Lehmann: Das ist ja sogar noch schlimmer, als befürchtet – SPD-Fraktion auf der Suche nach dem „Nachdruck“ der Stadt beim Solar-Ausbau

Christina Fischer

Als „ambitionslos“ kritisiert Phil Lehmann, umweltpolitischer Sprecher der SPD-Fraktion, die Ankündigung des Oberbürgermeisters, bis zum Jahr 2025 mit „Nachdruck“ acht weitere Solaranlagen umsetzen zu wollen. „Das ist ja sogar noch schlimmer, als befürchtet. Höchste Priorität fürs Klima sieht nun wirklich anders aus.“ Ihn bestätigt das in seiner Forderung nach deutlich mehr Tempo beim Solarausbau.
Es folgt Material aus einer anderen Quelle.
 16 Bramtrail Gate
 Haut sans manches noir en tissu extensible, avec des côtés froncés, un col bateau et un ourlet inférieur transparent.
„So kann das in Darmstadt nicht weitergehen“, betitelte Lehmann seine gestrige Pressemitteilung, in der er die Stadt für ihr Schneckentempo beim Solar-Ausbau kritisierte und mehr Eile forderte. Sehr eilig hat die Stadt dann auch reagiert und ihrerseits eine Pressemitteilung veröffentlicht, in der der Oberbürgermeister seine erwähnte Ankündigung macht. Hierzu Lehmann: „Das Tempo, dass die Stadt beim Schreiben von Pressetexten an den Tag legt, ist beeindruckend. Angebracht wäre es, wenn sie beim Solar-Ausbau ebenso schnell wären.“ Aber das Gegenteil sei der Fall. Lediglich acht neue Solaranlagen innerhalb von knapp vier Jahren in ganz Darmstadt – mit seinen über 160.000 Einwohner*innen und unzähligen Verwaltungsgebäuden – eine solche Ankündigung ist für Lehmann kein Ruhmesblatt, sondern beschämend.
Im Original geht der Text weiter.